[Task goal] Print out each entry below exactly; do not carry over any image.

Caption-style text data
=== Section Start ===

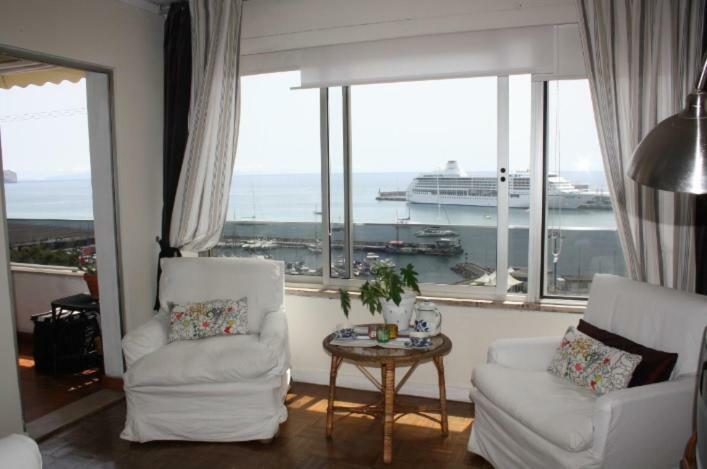 W Stunning View - Marina - Free Parking & Ac Apartment Funchal (Madeira)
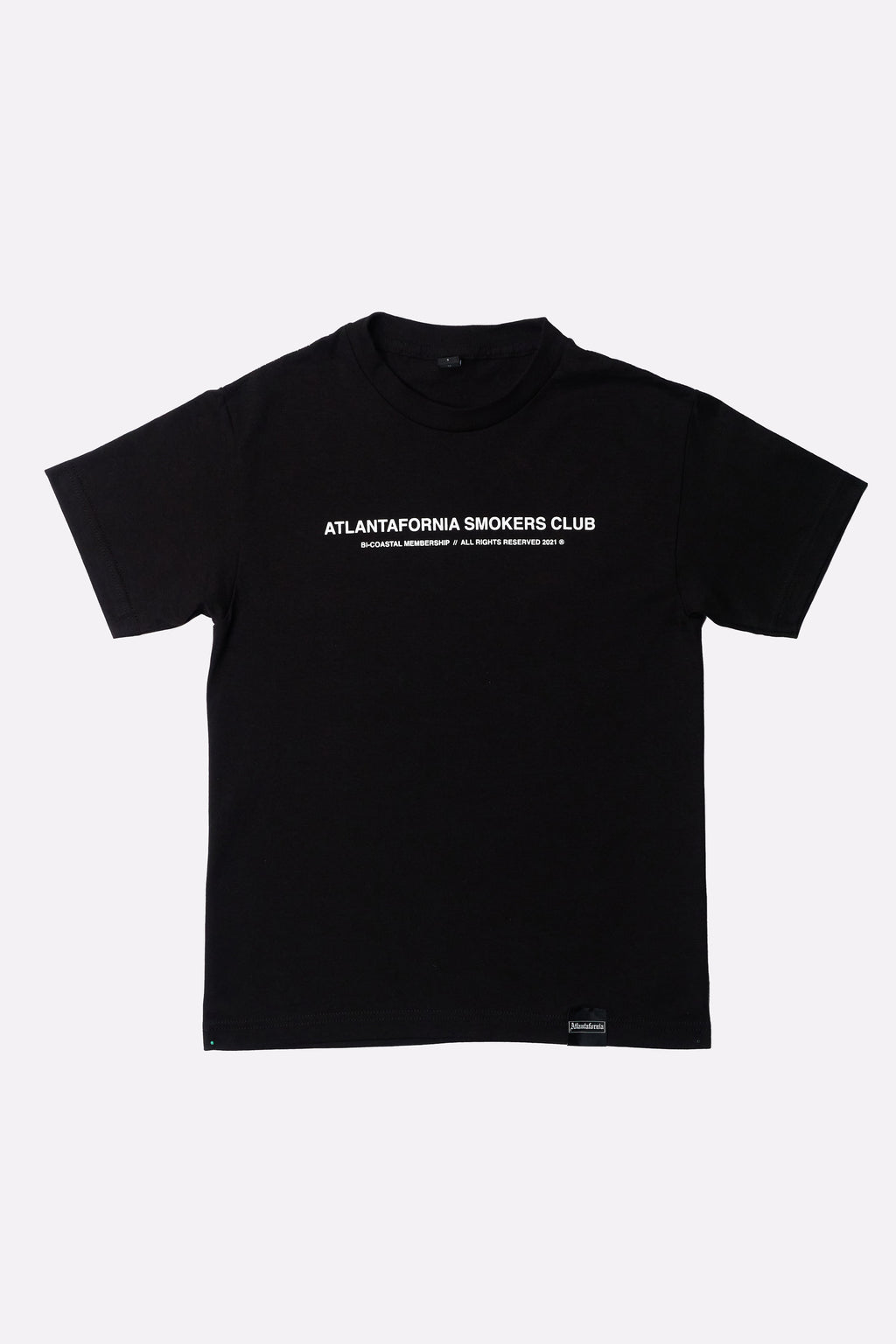 Smoker's Club Tee (Black)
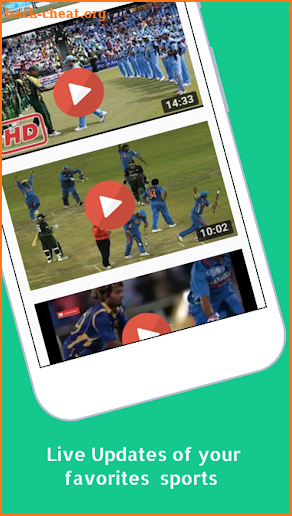 Sports Live IPL 2018 Tv screenshot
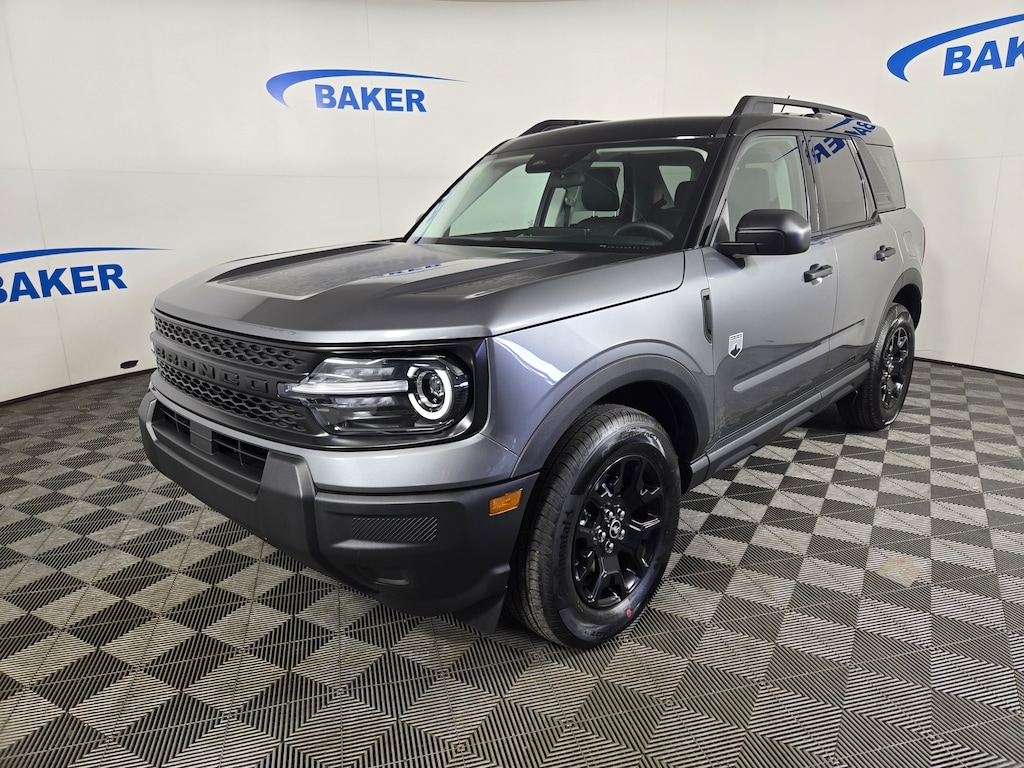 New 2026 Ford Bronco Sport Big Bend SUV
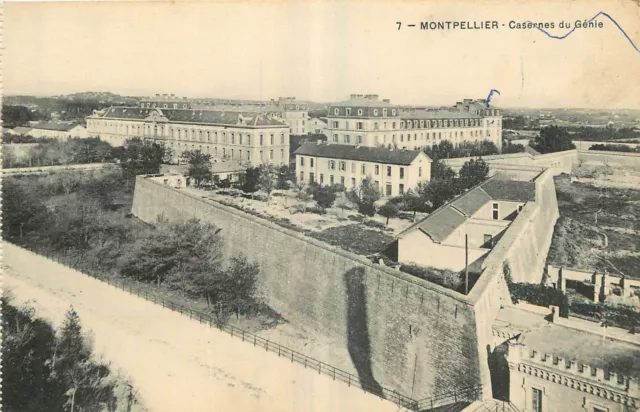 34  Montpellier  Casernes Du Genie  7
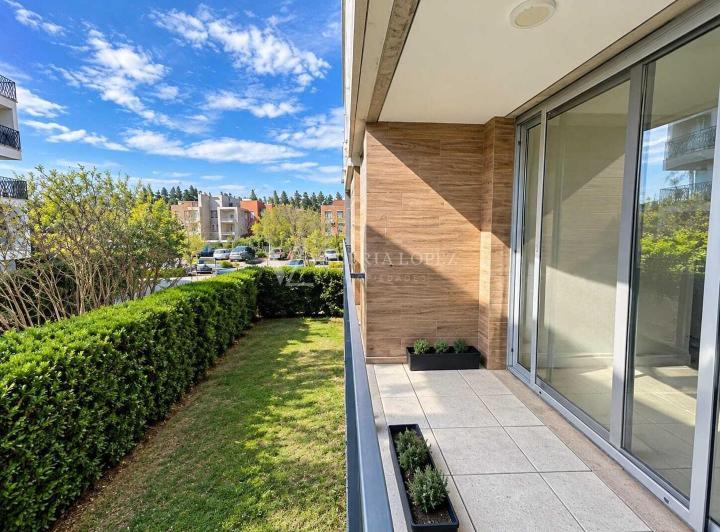 Departamento · 45m² · 2 Ambientes · 1 Cochera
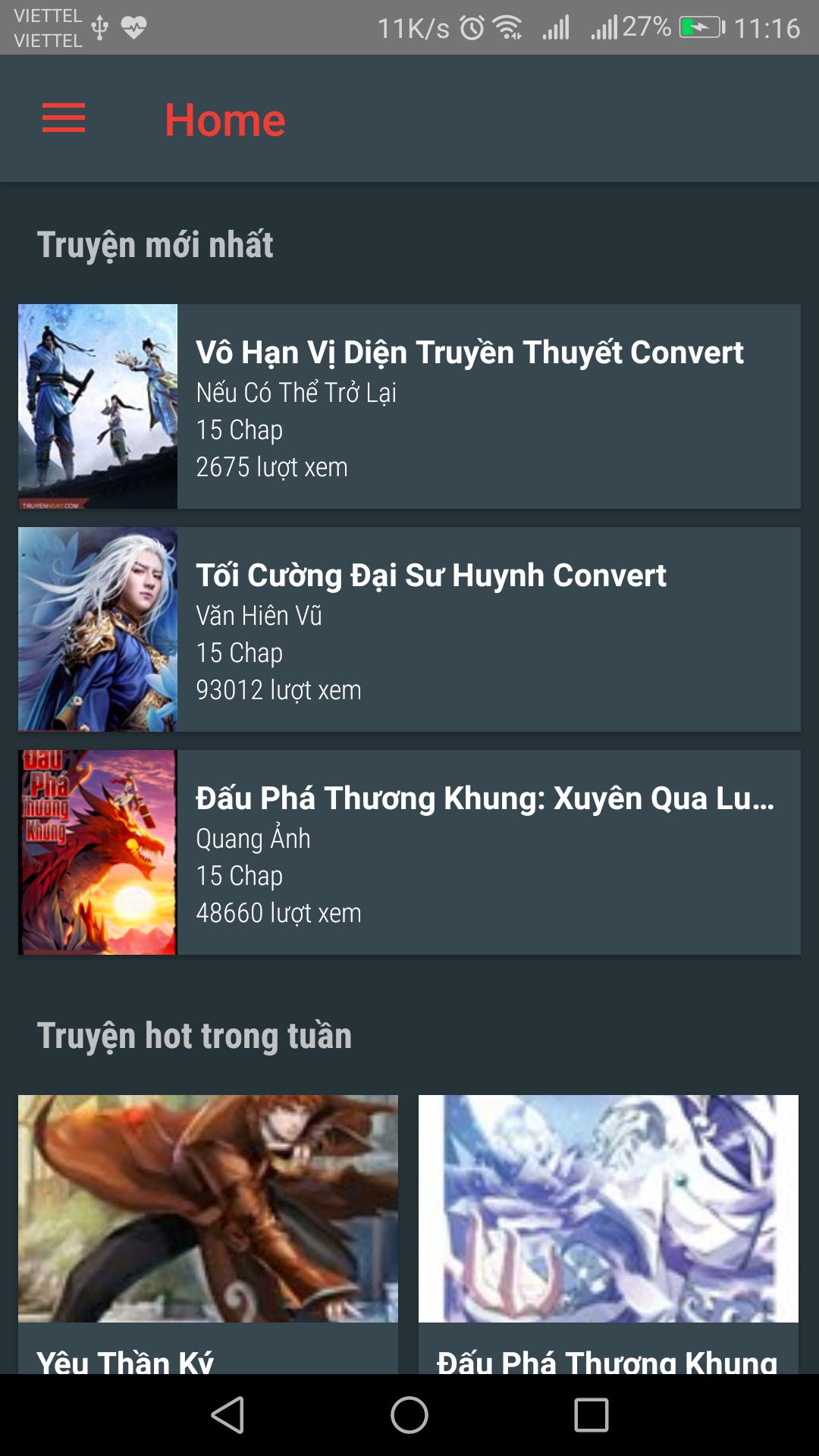 XStory for Android - APK Download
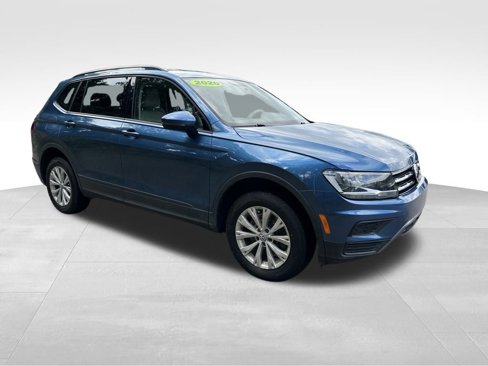 Used 2020 Volkswagen Tiguan S image 13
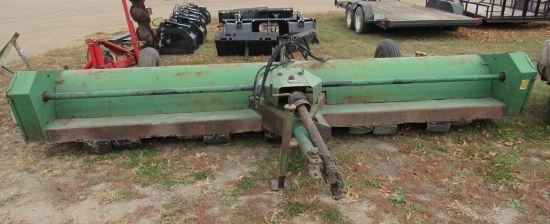 John Deere Stalk Chopper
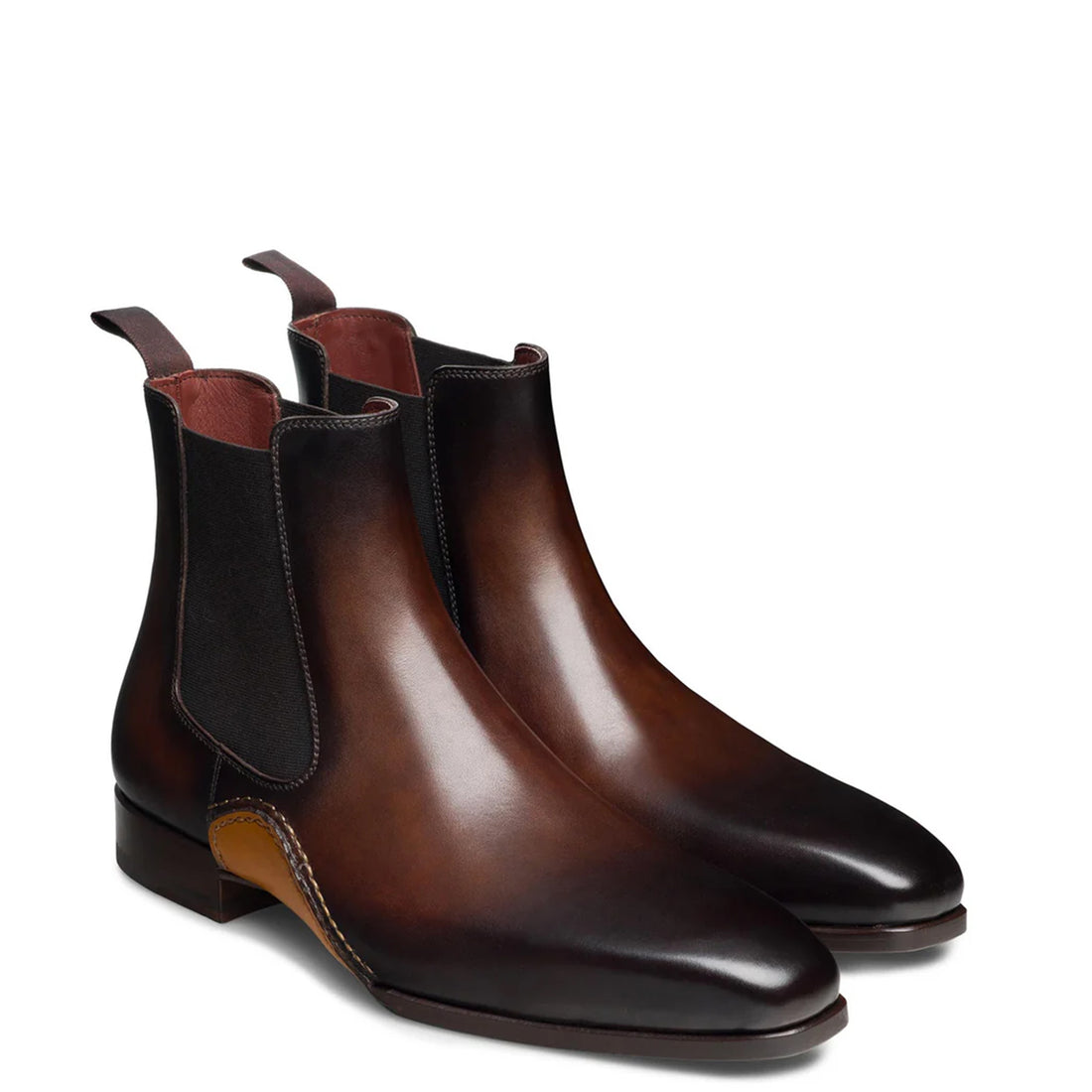 LEVI | BROWN CHELSEA BOOT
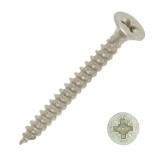 JKH Pozdorjacsavar süllyesztett fejű PZ 4,0x 35 INOX (10 db)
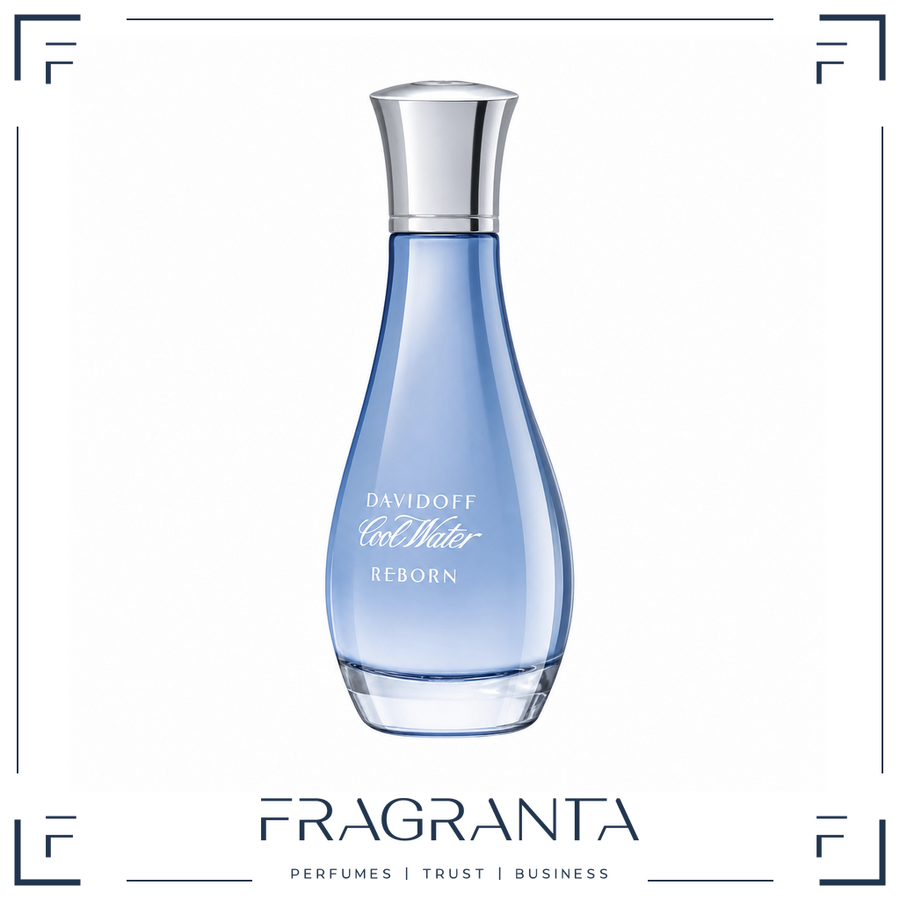 Davidoff Cool Water Reborn for Her Eau de Toilette 50ml – product image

=== Section End ===

[Output below]
 W Stunning View - Marina - Free Parking & Ac Apartment Funchal (Madeira)
 Smoker's Club Tee (Black)
 Sports Live IPL 2018 Tv screenshot
 New 2026 Ford Bronco Sport Big Bend SUV
 34  Montpellier  Casernes Du Genie  7
 Departamento · 45m² · 2 Ambientes · 1 Cochera
 XStory for Android - APK Download
 Used 2020 Volkswagen Tiguan S image 13
 John Deere Stalk Chopper
 LEVI | BROWN CHELSEA BOOT
 JKH Pozdorjacsavar süllyesztett fejű PZ 4,0x 35 INOX (10 db)
 Davidoff Cool Water Reborn for Her Eau de Toilette 50ml – product image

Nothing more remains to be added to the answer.